Die gescheiterte Kanzlerkandidatin Annalena Baerbock zielte lieber auf das Auswärtige Amt – und auf sich als erste Aussenministerin. In dieser Rolle ist sie nun zwar jeden Tag in den TV-Nachrichten zu sehen, realen Einfluss hat sie aber nur sehr wenig. Die Grüne möchte die Menschenrechte und den Feminismus ins Zentrum der deutschen Aussenpolitik stellen und autokratischen Regimes wie China, Russland oder der Türkei härter entgegentreten.
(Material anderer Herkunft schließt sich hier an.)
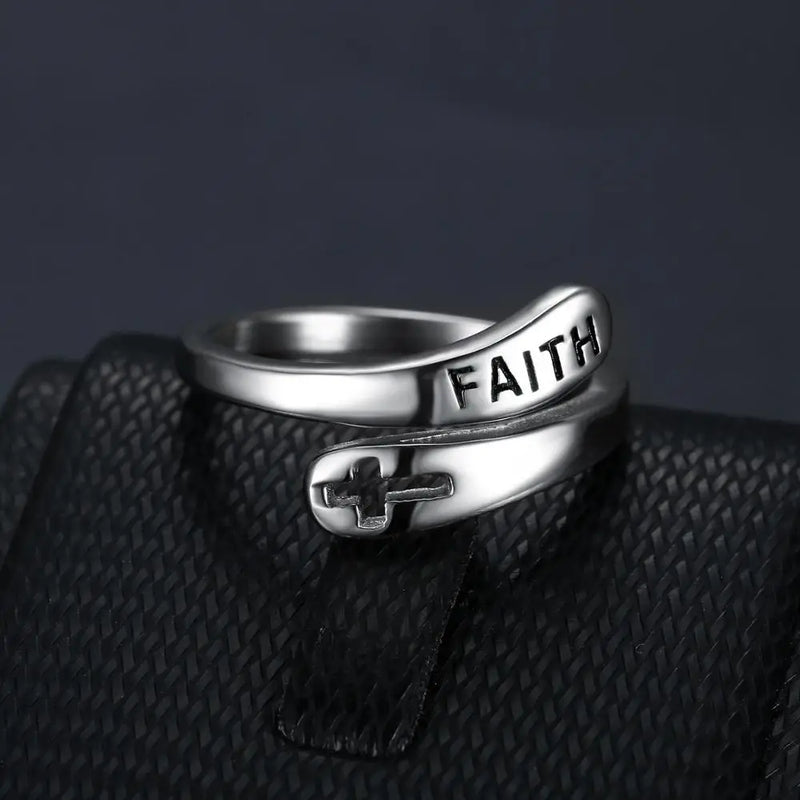 316L Stainless Steel Cross Ring for Women Punk Letter Seal Faith Steel Winding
Sie ist viel zu sehen, hat aber wenig zu sagen: Die grüne deutsche Aussenministerin Annalena Baerbock beriet letzte Woche in Washington mit ihrem amerikanischen Amtskollegen über die Ukraine-Krise.

Baerbock kollidiert damit aber mit dem neuen Kanzler Olaf Scholz, der Merkels handelsorientierte «Realpolitik» im Wesentlichen fortführen will und diese Absicht in Peking und Moskau offenbar bereits hinterlegt hat. Als Vizekanzler der letzten Regierung hat der Sozialdemokrat zudem mit CDU/CSU kurz vor Schluss noch umstrittene Rüstungsexporte in Milliardenhöhe durchgewinkt – zum grossen Ärger der Grünen. Rhetorisch verteidigt Baerbock die von Scholz festgelegte vorsichtige Linie derzeit noch tapfer, aber in den eigenen Reihen wird sie dafür bereits vernehmbar kritisiert.
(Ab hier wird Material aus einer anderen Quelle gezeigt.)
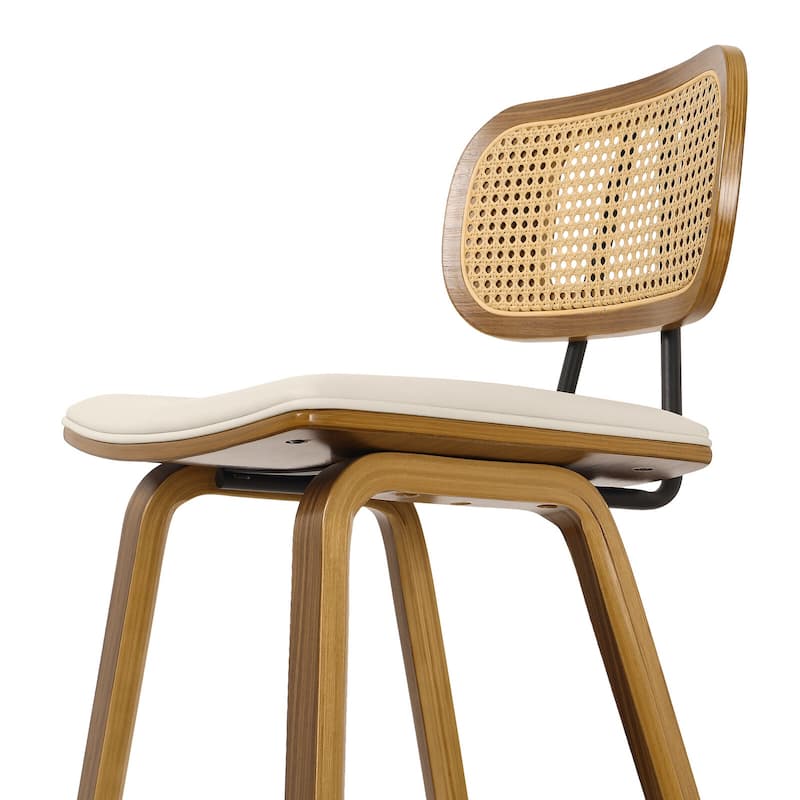 26-inch Wood Counter Height Bar Stools with Rattan Back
Auch in der Frage, ob der Sozialdemokrat Frank-Walter Steinmeier nochmals fünf Jahre als Bundespräsident wirken solle, mussten die Grünen zuletzt zerknirscht einlenken. Eigentlich hatten sie sich eine grüne Frau als Gegenkandidatin gewünscht, mussten aber einsehen, dass sie gegen SPD und FDP keine Mehrheit zustande bringen würden.

Und beim wichtigsten grünen Regierungsprojekt, der Energiewende, musste Robert Habeck, der neue «Superminister» für Wirtschaft und Klima, am Dienstag einräumen, dass schnelle Erfolge nicht in Sicht seien. Man starte mit so viel Rückstand, dass man die noch von der letzten Regierung gesetzten ambitionierten Klimaziele voraussichtlich weder in diesem noch im nächsten Jahr erreichen werde. «Die Aufgabe ist gross, ja gigantisch», bilanzierte Habeck. In den Ohren der bereits jetzt enttäuschten Grünen und ihrer Wählerinnen und Wähler klang es wie eine erneute Gewinnwarnung.